◆ **Action item**:
The entries that follow need to be returned without any alteration.

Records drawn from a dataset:
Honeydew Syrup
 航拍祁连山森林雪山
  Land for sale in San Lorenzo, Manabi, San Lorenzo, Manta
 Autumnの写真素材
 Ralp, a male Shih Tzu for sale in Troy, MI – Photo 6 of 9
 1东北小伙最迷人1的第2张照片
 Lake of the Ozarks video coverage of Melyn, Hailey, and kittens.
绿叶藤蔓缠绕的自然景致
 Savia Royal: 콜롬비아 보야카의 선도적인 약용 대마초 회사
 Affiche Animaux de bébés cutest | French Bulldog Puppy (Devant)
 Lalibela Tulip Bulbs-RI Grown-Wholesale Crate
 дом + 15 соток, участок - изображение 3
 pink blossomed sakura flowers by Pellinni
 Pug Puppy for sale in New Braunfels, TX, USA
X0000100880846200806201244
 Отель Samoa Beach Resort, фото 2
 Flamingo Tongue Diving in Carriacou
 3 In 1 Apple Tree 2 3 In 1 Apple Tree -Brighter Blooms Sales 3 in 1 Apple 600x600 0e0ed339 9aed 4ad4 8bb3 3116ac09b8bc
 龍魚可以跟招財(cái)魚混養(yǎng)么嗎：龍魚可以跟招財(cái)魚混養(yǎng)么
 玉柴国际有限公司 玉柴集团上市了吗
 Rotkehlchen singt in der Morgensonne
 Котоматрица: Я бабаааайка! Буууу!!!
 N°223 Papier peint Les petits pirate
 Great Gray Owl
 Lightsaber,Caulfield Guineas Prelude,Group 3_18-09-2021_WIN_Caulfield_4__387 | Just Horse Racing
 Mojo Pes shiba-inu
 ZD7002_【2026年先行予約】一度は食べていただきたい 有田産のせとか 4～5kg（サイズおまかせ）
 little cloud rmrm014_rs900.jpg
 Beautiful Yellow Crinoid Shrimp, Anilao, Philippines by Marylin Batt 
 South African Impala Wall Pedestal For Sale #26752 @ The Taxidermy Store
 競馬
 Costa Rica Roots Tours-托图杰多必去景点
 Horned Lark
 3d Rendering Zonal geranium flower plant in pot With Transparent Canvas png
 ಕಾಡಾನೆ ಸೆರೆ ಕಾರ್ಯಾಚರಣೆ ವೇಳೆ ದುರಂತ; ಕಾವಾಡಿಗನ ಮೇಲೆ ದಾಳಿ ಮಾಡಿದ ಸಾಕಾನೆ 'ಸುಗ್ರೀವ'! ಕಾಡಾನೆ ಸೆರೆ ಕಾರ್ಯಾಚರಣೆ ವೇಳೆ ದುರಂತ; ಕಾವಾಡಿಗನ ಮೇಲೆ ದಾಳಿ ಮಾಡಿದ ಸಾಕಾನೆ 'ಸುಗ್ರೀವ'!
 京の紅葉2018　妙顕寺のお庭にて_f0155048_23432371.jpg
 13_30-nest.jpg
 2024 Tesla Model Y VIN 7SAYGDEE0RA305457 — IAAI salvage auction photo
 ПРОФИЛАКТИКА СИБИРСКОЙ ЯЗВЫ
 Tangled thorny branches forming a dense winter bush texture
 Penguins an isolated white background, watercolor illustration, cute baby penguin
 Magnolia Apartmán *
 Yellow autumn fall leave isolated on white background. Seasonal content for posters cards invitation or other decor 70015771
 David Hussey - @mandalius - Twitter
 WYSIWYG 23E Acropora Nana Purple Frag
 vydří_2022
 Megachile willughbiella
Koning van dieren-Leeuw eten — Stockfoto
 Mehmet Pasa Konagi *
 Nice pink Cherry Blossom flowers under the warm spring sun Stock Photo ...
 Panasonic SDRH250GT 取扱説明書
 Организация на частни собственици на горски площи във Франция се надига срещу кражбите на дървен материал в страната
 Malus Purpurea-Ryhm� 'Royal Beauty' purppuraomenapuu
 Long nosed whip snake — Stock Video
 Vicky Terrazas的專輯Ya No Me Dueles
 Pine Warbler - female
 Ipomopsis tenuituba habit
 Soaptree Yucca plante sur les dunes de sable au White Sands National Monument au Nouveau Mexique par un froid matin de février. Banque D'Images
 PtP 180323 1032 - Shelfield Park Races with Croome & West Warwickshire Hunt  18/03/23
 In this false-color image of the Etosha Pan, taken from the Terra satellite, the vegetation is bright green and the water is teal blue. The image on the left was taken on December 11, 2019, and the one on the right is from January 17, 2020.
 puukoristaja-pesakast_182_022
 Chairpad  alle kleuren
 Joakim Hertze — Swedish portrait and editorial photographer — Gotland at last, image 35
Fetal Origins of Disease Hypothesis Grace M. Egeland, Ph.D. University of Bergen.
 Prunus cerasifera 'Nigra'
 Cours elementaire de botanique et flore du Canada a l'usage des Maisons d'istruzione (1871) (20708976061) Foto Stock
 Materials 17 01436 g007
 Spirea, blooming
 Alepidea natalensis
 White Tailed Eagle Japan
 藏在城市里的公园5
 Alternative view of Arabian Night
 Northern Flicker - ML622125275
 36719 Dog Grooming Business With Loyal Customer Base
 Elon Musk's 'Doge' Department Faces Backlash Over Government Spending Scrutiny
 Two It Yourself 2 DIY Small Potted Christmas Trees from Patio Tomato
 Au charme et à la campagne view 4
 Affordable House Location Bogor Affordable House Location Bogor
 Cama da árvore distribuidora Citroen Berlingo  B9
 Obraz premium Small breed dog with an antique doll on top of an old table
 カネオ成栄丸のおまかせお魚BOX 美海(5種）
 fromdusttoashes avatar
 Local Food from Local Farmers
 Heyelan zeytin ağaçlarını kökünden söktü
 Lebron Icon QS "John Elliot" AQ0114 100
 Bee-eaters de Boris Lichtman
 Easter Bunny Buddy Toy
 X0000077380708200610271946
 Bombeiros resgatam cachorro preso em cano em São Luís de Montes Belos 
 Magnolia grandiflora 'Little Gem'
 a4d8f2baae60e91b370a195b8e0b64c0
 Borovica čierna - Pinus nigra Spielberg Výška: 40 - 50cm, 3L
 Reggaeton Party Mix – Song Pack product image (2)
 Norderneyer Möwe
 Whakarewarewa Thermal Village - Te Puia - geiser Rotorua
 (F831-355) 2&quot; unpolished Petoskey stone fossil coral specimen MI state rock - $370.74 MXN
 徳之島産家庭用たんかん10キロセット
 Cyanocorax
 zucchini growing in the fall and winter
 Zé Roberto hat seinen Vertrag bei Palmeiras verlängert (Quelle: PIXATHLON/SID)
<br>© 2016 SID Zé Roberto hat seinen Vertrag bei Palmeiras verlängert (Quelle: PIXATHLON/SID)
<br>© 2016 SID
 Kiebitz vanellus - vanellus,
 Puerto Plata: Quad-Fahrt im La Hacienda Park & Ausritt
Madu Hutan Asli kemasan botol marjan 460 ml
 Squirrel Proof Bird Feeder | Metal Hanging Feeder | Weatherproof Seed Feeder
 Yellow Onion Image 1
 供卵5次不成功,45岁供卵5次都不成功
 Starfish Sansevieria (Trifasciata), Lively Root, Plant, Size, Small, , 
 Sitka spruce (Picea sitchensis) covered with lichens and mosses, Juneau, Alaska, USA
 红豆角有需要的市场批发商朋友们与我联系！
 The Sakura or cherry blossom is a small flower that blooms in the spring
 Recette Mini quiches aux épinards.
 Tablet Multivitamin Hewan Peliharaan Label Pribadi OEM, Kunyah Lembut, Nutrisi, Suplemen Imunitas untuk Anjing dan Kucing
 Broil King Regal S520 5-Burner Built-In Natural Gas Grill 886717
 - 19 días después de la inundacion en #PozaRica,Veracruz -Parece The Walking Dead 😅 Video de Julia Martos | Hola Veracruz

◆ **Output**:
Honeydew Syrup
 航拍祁连山森林雪山
  Land for sale in San Lorenzo, Manabi, San Lorenzo, Manta
 Autumnの写真素材
 Ralp, a male Shih Tzu for sale in Troy, MI – Photo 6 of 9
 1东北小伙最迷人1的第2张照片
 Lake of the Ozarks video coverage of Melyn, Hailey, and kittens.
绿叶藤蔓缠绕的自然景致
 Savia Royal: 콜롬비아 보야카의 선도적인 약용 대마초 회사
 Affiche Animaux de bébés cutest | French Bulldog Puppy (Devant)
 Lalibela Tulip Bulbs-RI Grown-Wholesale Crate
 дом + 15 соток, участок - изображение 3
 pink blossomed sakura flowers by Pellinni
 Pug Puppy for sale in New Braunfels, TX, USA
X0000100880846200806201244
 Отель Samoa Beach Resort, фото 2
 Flamingo Tongue Diving in Carriacou
 3 In 1 Apple Tree 2 3 In 1 Apple Tree -Brighter Blooms Sales 3 in 1 Apple 600x600 0e0ed339 9aed 4ad4 8bb3 3116ac09b8bc
 龍魚可以跟招財(cái)魚混養(yǎng)么嗎：龍魚可以跟招財(cái)魚混養(yǎng)么
 玉柴国际有限公司 玉柴集团上市了吗
 Rotkehlchen singt in der Morgensonne
 Котоматрица: Я бабаааайка! Буууу!!!
 N°223 Papier peint Les petits pirate
 Great Gray Owl
 Lightsaber,Caulfield Guineas Prelude,Group 3_18-09-2021_WIN_Caulfield_4__387 | Just Horse Racing
 Mojo Pes shiba-inu
 ZD7002_【2026年先行予約】一度は食べていただきたい 有田産のせとか 4～5kg（サイズおまかせ）
 little cloud rmrm014_rs900.jpg
 Beautiful Yellow Crinoid Shrimp, Anilao, Philippines by Marylin Batt 
 South African Impala Wall Pedestal For Sale #26752 @ The Taxidermy Store
 競馬
 Costa Rica Roots Tours-托图杰多必去景点
 Horned Lark
 3d Rendering Zonal geranium flower plant in pot With Transparent Canvas png
 ಕಾಡಾನೆ ಸೆರೆ ಕಾರ್ಯಾಚರಣೆ ವೇಳೆ ದುರಂತ; ಕಾವಾಡಿಗನ ಮೇಲೆ ದಾಳಿ ಮಾಡಿದ ಸಾಕಾನೆ 'ಸುಗ್ರೀವ'! ಕಾಡಾನೆ ಸೆರೆ ಕಾರ್ಯಾಚರಣೆ ವೇಳೆ ದುರಂತ; ಕಾವಾಡಿಗನ ಮೇಲೆ ದಾಳಿ ಮಾಡಿದ ಸಾಕಾನೆ 'ಸುಗ್ರೀವ'!
 京の紅葉2018　妙顕寺のお庭にて_f0155048_23432371.jpg
 13_30-nest.jpg
 2024 Tesla Model Y VIN 7SAYGDEE0RA305457 — IAAI salvage auction photo
 ПРОФИЛАКТИКА СИБИРСКОЙ ЯЗВЫ
 Tangled thorny branches forming a dense winter bush texture
 Penguins an isolated white background, watercolor illustration, cute baby penguin
 Magnolia Apartmán *
 Yellow autumn fall leave isolated on white background. Seasonal content for posters cards invitation or other decor 70015771
 David Hussey - @mandalius - Twitter
 WYSIWYG 23E Acropora Nana Purple Frag
 vydří_2022
 Megachile willughbiella
Koning van dieren-Leeuw eten — Stockfoto
 Mehmet Pasa Konagi *
 Nice pink Cherry Blossom flowers under the warm spring sun Stock Photo ...
 Panasonic SDRH250GT 取扱説明書
 Организация на частни собственици на горски площи във Франция се надига срещу кражбите на дървен материал в страната
 Malus Purpurea-Ryhm� 'Royal Beauty' purppuraomenapuu
 Long nosed whip snake — Stock Video
 Vicky Terrazas的專輯Ya No Me Dueles
 Pine Warbler - female
 Ipomopsis tenuituba habit
 Soaptree Yucca plante sur les dunes de sable au White Sands National Monument au Nouveau Mexique par un froid matin de février. Banque D'Images
 PtP 180323 1032 - Shelfield Park Races with Croome & West Warwickshire Hunt  18/03/23
 In this false-color image of the Etosha Pan, taken from the Terra satellite, the vegetation is bright green and the water is teal blue. The image on the left was taken on December 11, 2019, and the one on the right is from January 17, 2020.
 puukoristaja-pesakast_182_022
 Chairpad  alle kleuren
 Joakim Hertze — Swedish portrait and editorial photographer — Gotland at last, image 35
Fetal Origins of Disease Hypothesis Grace M. Egeland, Ph.D. University of Bergen.
 Prunus cerasifera 'Nigra'
 Cours elementaire de botanique et flore du Canada a l'usage des Maisons d'istruzione (1871) (20708976061) Foto Stock
 Materials 17 01436 g007
 Spirea, blooming
 Alepidea natalensis
 White Tailed Eagle Japan
 藏在城市里的公园5
 Alternative view of Arabian Night
 Northern Flicker - ML622125275
 36719 Dog Grooming Business With Loyal Customer Base
 Elon Musk's 'Doge' Department Faces Backlash Over Government Spending Scrutiny
 Two It Yourself 2 DIY Small Potted Christmas Trees from Patio Tomato
 Au charme et à la campagne view 4
 Affordable House Location Bogor Affordable House Location Bogor
 Cama da árvore distribuidora Citroen Berlingo  B9
 Obraz premium Small breed dog with an antique doll on top of an old table
 カネオ成栄丸のおまかせお魚BOX 美海(5種）
 fromdusttoashes avatar
 Local Food from Local Farmers
 Heyelan zeytin ağaçlarını kökünden söktü
 Lebron Icon QS "John Elliot" AQ0114 100
 Bee-eaters de Boris Lichtman
 Easter Bunny Buddy Toy
 X0000077380708200610271946
 Bombeiros resgatam cachorro preso em cano em São Luís de Montes Belos 
 Magnolia grandiflora 'Little Gem'
 a4d8f2baae60e91b370a195b8e0b64c0
 Borovica čierna - Pinus nigra Spielberg Výška: 40 - 50cm, 3L
 Reggaeton Party Mix – Song Pack product image (2)
 Norderneyer Möwe
 Whakarewarewa Thermal Village - Te Puia - geiser Rotorua
 (F831-355) 2&quot; unpolished Petoskey stone fossil coral specimen MI state rock - $370.74 MXN
 徳之島産家庭用たんかん10キロセット
 Cyanocorax
 zucchini growing in the fall and winter
 Zé Roberto hat seinen Vertrag bei Palmeiras verlängert (Quelle: PIXATHLON/SID)
<br>© 2016 SID Zé Roberto hat seinen Vertrag bei Palmeiras verlängert (Quelle: PIXATHLON/SID)
<br>© 2016 SID
 Kiebitz vanellus - vanellus,
 Puerto Plata: Quad-Fahrt im La Hacienda Park & Ausritt
Madu Hutan Asli kemasan botol marjan 460 ml
 Squirrel Proof Bird Feeder | Metal Hanging Feeder | Weatherproof Seed Feeder
 Yellow Onion Image 1
 供卵5次不成功,45岁供卵5次都不成功
 Starfish Sansevieria (Trifasciata), Lively Root, Plant, Size, Small, , 
 Sitka spruce (Picea sitchensis) covered with lichens and mosses, Juneau, Alaska, USA
 红豆角有需要的市场批发商朋友们与我联系！
 The Sakura or cherry blossom is a small flower that blooms in the spring
 Recette Mini quiches aux épinards.
 Tablet Multivitamin Hewan Peliharaan Label Pribadi OEM, Kunyah Lembut, Nutrisi, Suplemen Imunitas untuk Anjing dan Kucing
 Broil King Regal S520 5-Burner Built-In Natural Gas Grill 886717
 - 19 días después de la inundacion en #PozaRica,Veracruz -Parece The Walking Dead 😅 Video de Julia Martos | Hola Veracruz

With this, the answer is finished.